High-resolution structural study of zinc ion incorporation at the calcite cleavage surface

L. Cheng; N. C. Sturchio; J. C. Woicik; K. M. Kemner; P. F. Lyman; M. J. Bedzyk

doi:10.1016/S0039-6028(98)00545-7

High-resolution structural study of zinc ion incorporation at the calcite cleavage surface

L. Cheng, N. C. Sturchio^*, J. C. Woicik, K. M. Kemner, P. F. Lyman, M. J. Bedzyk

^*Corresponding author for this work

Materials Science and Engineering

Research output: Contribution to journal › Article › peer-review

42 Scopus citations

Abstract

The atomic-scale structure of Zn²⁺ incorporated at the CaCO₃ (1014) surface by adsorption from solution was determined by X-ray standing wave triangulation and surface extended X-ray absorption fine structure spectroscopy.
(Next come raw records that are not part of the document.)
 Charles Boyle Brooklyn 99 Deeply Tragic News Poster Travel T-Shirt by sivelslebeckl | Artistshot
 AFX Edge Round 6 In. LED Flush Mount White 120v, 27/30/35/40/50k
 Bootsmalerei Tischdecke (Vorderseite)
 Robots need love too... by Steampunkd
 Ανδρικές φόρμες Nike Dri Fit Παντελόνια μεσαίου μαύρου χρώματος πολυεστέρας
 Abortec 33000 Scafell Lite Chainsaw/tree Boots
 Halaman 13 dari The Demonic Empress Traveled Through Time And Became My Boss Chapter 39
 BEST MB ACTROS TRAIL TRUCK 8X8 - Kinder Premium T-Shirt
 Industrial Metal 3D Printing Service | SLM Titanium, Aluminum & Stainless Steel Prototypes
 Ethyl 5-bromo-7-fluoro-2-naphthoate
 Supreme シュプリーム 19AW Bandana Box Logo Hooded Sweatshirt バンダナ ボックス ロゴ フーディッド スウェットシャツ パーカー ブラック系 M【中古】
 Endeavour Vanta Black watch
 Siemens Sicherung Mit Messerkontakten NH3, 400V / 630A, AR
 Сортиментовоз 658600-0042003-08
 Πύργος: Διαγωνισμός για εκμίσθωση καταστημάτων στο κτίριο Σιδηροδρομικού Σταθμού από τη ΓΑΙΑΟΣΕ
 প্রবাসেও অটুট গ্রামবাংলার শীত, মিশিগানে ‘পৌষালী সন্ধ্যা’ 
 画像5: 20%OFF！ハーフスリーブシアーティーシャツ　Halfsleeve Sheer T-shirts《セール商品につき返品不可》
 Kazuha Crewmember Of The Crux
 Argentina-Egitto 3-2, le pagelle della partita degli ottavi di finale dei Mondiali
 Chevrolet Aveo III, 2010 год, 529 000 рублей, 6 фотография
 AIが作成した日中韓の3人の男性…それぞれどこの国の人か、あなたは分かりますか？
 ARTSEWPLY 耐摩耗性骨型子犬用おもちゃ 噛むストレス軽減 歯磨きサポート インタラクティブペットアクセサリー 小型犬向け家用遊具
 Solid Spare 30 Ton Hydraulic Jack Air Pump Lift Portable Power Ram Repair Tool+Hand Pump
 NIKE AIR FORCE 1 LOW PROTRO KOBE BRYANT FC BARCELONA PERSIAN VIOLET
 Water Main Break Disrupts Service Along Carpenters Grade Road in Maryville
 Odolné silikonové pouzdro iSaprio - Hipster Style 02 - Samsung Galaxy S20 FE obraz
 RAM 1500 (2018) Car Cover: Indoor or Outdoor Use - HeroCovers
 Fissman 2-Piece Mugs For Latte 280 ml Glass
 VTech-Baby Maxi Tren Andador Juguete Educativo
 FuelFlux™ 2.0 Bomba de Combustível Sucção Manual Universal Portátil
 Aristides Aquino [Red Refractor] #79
At low coverage (approximately 0.1 ML), Zn²⁺ substitutes for Ca²⁺ in the surface layer. Structural relaxation of the adjacent in-plane CO^2-₃ ions in the host surface is shown by the reduced nearest-neighbor distance of Zn-O relative to Ca-O. Relaxation of the Zn²⁺ ion in the out-of-plane direction is shown by the displacement of its lattice position from the ideal Ca²⁺ position. These relaxations, resulting in a local lattice buckling feature at the Zn²⁺ adsorption site, can be fully explained as the combined effect of the electrostatic relaxation of the nearest-neighbor anions in response to the smaller size of Zn²⁺, and the bonding asymmetry due to surface truncation.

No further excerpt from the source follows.